“True Truth” isn’t the Answer to “Post-Truth”

“True Truth” isn’t the Answer to “Post-Truth” January 5, 2017

We’re living in a post-truth society now, they say.

(CC BY-SA 2.0 via Flickr)
(CC BY-SA 2.0 via Flickr)

This is what all those conservative evangelicals once feared, right? The onslaught of postmodern relativism would usher in a thoroughly post-truth world, where ideologies (devoid of solid reasoning) reign supreme, where feelings rule over reason, where morality is simply up to the individual, where everyone is trapped in their own perspective, where Absolute Truth is demolished and truth becomes simply the truth that is true for me, regardless of whether it’s true for you.

But the irony is that, if the “Age of Trump” represents the pinnacle of our post-truth society, evangelicals are no longer railing against relativism, pragmatism, and power-driven ideology. Instead, many of have embraced it, whether in the form of the anti-science, anti-accountability, anti-logic, or just plain old thoroughly tribal-centric self-interest.

Morgan Guyton reflected yesterday about this cognitive dissonance of growing up in a conservative evangelicalism which  touted “Absolute Truth” and which railed against relativism but is now turning out to be as, or more, relativistic, perspectivalist, pragmatic, and power-driven than the “postmodern” enemies they once feared.

I’ve had the same experience. And I must say, nothing has surprised me.

I realized, for example, that “Christian apologetics,” was not a legitimate, honest quest for true understanding of world religions (as you might find in the discipline of comparative theology).
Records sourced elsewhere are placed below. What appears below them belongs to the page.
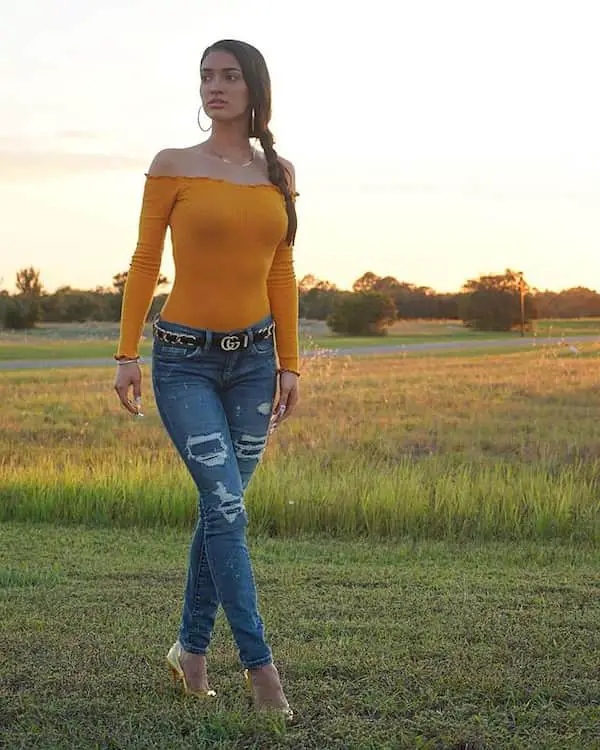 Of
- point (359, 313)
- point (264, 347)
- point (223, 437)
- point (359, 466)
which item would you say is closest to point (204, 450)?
point (223, 437)

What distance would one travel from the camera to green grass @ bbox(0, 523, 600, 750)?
3.18 meters

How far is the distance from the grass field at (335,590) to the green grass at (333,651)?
0.01 meters

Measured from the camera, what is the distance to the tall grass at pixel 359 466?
669 cm

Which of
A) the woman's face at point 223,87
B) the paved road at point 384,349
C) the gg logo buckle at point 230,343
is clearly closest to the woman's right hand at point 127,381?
the gg logo buckle at point 230,343

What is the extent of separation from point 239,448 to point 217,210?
73 cm

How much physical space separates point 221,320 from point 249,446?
41cm

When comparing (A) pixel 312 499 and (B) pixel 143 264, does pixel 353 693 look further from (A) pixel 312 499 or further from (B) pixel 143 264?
(A) pixel 312 499

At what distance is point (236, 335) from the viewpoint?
3238mm

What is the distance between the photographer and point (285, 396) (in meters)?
3.45

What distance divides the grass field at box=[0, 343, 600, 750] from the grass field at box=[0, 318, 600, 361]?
1740 cm

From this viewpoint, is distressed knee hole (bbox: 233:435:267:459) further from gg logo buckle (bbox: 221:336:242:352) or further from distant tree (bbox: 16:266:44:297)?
distant tree (bbox: 16:266:44:297)

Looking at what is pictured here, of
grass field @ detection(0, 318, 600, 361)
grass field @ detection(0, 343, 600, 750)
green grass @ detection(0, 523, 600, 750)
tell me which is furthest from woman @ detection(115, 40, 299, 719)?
grass field @ detection(0, 318, 600, 361)

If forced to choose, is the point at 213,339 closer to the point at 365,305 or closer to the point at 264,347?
the point at 264,347

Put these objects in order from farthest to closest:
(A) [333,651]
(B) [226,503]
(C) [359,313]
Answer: (C) [359,313] → (A) [333,651] → (B) [226,503] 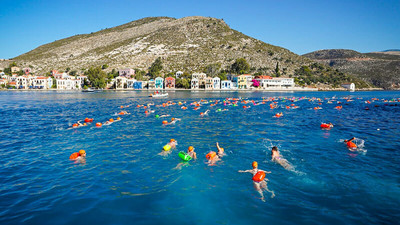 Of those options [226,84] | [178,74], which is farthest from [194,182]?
[178,74]

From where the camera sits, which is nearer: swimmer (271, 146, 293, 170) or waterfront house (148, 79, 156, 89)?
swimmer (271, 146, 293, 170)

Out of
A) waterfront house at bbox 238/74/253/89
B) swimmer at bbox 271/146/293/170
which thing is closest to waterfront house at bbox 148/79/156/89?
waterfront house at bbox 238/74/253/89

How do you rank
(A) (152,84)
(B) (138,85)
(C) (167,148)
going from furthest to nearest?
(B) (138,85) → (A) (152,84) → (C) (167,148)

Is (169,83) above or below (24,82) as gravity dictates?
below

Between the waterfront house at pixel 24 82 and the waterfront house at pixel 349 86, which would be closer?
the waterfront house at pixel 24 82

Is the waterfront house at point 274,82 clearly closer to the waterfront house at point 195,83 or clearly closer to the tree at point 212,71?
the tree at point 212,71

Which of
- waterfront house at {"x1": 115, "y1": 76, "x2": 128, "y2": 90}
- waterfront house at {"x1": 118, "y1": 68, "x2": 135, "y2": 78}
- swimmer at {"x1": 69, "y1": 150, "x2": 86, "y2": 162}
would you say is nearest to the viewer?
swimmer at {"x1": 69, "y1": 150, "x2": 86, "y2": 162}

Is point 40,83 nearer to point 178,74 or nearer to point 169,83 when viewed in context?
point 169,83

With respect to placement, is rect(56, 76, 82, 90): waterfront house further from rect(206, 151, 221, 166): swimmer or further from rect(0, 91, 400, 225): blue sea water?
rect(206, 151, 221, 166): swimmer

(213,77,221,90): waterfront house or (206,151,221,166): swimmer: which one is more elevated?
(213,77,221,90): waterfront house

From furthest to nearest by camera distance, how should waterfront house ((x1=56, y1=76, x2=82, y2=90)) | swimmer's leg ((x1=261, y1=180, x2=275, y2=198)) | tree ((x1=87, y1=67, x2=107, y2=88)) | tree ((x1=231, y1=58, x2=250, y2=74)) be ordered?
tree ((x1=231, y1=58, x2=250, y2=74)), waterfront house ((x1=56, y1=76, x2=82, y2=90)), tree ((x1=87, y1=67, x2=107, y2=88)), swimmer's leg ((x1=261, y1=180, x2=275, y2=198))

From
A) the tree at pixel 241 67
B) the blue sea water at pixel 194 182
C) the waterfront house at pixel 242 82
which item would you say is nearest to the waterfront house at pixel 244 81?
the waterfront house at pixel 242 82

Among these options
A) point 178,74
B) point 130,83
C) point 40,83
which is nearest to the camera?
point 40,83

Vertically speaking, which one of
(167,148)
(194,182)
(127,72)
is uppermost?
(127,72)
Rather, very often it was (and is) a polemical enterprise; it was about “winning” a rhetorical argument abut the superiority of Christianity over other religions or over atheism (or in common parlance, “world views”) even when it meant ignoring contradictions and serious problems within one’s own faith tradition and theology.

Similarly, I learned that the doctrine of biblical inerrancy was used as a shield against real discrepancies or problems within the Bible and as a way of imposing theological authority over others — not to mention as a political weapon within institutions that strive to impose order and uniformity.

I also came to understand that evangelicalism was just as relativistic, or perspectivalist, if not more so, than any other religious or ideological perspective. The doctrine of inerrancy actually encourages a strong perspectivalism, because one cannot hold firmly to the doctrine and also have genuine freedom or room to ask serious questions of the text — if those questions run against the grain of the received, authoritative perspective. And cultures (seminaries, colleges, churches, etc.) driven by inerrancy squelch genuine curiosity, often with serious consequences — loss of job, etc.

D.G. Hart concludes a recent post by briefly suggesting (if I understand him correctly) that “true truth” is the opposite of relativism.

But that’s just not true.

“True truth” is an odd phrase made famous by Francis Schaffer, the late apologist so highly revered in conservative evangelical circles. For Schaeffer, “true truth” is basically the conviction that there is such a thing as Absolute Truth and that, as Schaeffer puts it: “it is possible to know that truth, not exhaustively but truly.”

Schaeffer disliked and even derided fideism, which he saw as a retreat from the rigorous arguments of reason and evidence into the warm blanket of faith. As he put it, “Patting people on the head, they [fideists] say, ‘Don’t ask questions, dear, just believe.”

But underlying Schaeffer’s supposed commitment to evidentialism was presuppositionalism, of the sort that Cornelius Van Till advocated. The premise of presuppositionalism is that only God provides the proper beginnings (presuppositions) for [sinful] people to think rationally and “truly” about the world. So, the authority of divine revelation and the inerrancy of Scripture is a presupposition that must be believed in order for people to discover the content of true truth, or at least the content of that truth which is contained in divine revelation.

It’s a famously circular argument. And it circles everything back to the presupposition that the Bible completely and utterly without errors because its author, God, is incapable of erring.

Inerrancy is an epistemological security blanket that can also be used as a political weapon. And it’s not a good candidate for responding to a “post-truth” era; in truth, it only further intensifies the problem, which is that too many people are less interested in discovering truth — even if and when it means rethinking cherished beliefs — and more interested in confirming their own presuppositions.